Certainly bad. No gain all pain.


----------



## sujithtom (Feb 11, 2006)

according to me no probs. Its press. You can't say anything...


----------



## rajas700 (Feb 11, 2006)

There must be a limit.Being press they can do anything????Why they don't want to respect the people's religion???IF some one go against them how the f**k soughting???Like these felling dose the religion people don't have?????So i feel i must avoid in feature.


----------



## paul_007 (Feb 11, 2006)

i agree that printing photos of prophet was wrong but i think people r over reacting on this issue. for example demand for death penalty etc.


----------



## netarget (Feb 11, 2006)

If we are to shout at the wrong doings of others, then, rest assured that we would die shouting. 

One of the first points and maxim we learn at Jurispurdence in "IBI JUS UBI REMEDIUM" : which simply means, 'Where there is a right there is a remedy'.

Mass rallies, burning effigies, rioting or calling bandh are all a form of expressing protest. But it hurts all. Instead, there are other tactical and strategical methods to show your protest or overcome the libel.


----------



## nix (Feb 11, 2006)

even if the cartoons were offensive, they should not go to the extreme of looking to kidnap danish people, threatening, publishing holocaust cartoons in retaliation etc....
hindu's never did it when we were offended. not to this murderous extent. due to the violence, the issue has only become bigger. senior muslim leaders should call for restraint and calm.


----------



## siriusb (Feb 11, 2006)

nix said:
			
		

> hindu's never did it when we were offended. not to this murderous extent.

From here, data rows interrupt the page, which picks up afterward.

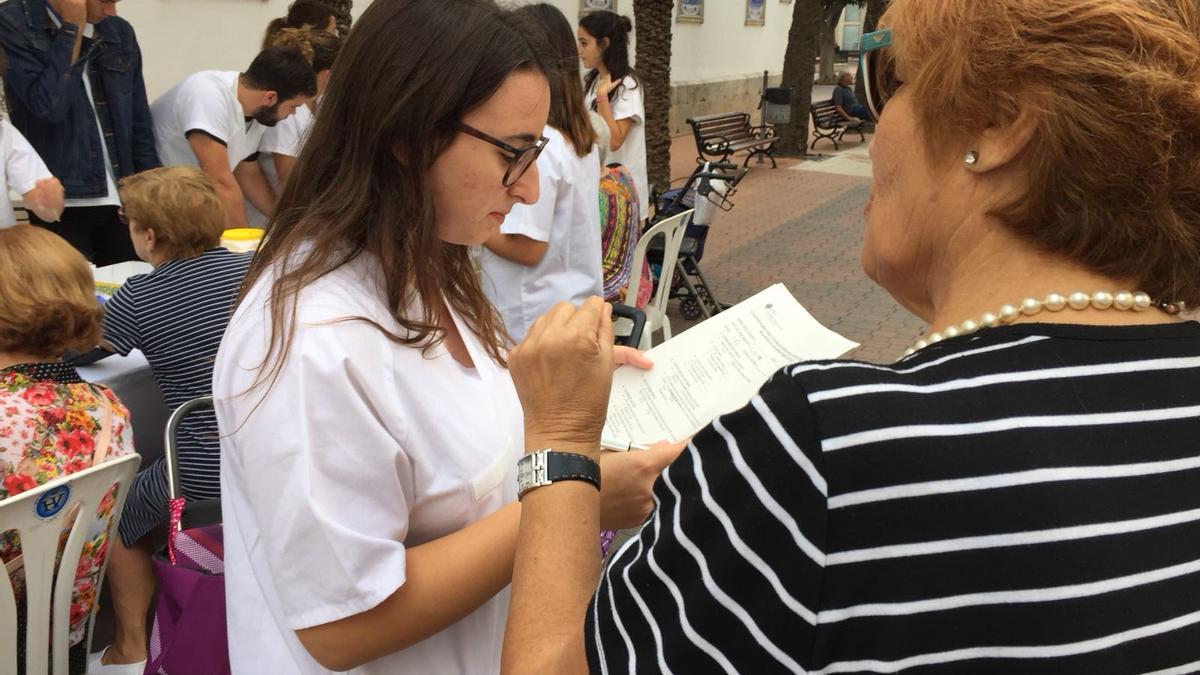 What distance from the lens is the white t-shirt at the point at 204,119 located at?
4.96 m

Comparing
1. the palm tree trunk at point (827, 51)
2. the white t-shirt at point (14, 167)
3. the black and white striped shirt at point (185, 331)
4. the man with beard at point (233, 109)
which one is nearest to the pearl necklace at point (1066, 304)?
the black and white striped shirt at point (185, 331)

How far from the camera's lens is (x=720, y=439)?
0.86m

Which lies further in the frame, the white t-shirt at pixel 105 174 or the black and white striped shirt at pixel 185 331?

 I remember seeing a video from desitorrent on hindutva (i think) violence in gujarat, so I think what you are saying can't be always be true.
As long as ther's religion, there'll be cause for violence (My God's larger than your God's). It's really funny though, as not one religion (islam included) suggest violence as teh answer.


----------



## nix (Feb 11, 2006)

^^^
the cause for that incident was differnt. The same people would not react violently to offensive cartoons. 
and you are not sure about it either.


----------



## praka123 (Feb 11, 2006)

West simply dont know about Islam and Arab Culture.They thought everything "cool".For eg; like the way they are viewing Christianity and the freedom offered by Christianity.U cannot expect this in other parts of the world. by putting prophet's cartoon they are surely gonna learn more about middle east and Quran.


----------



## nishant_nms (Feb 11, 2006)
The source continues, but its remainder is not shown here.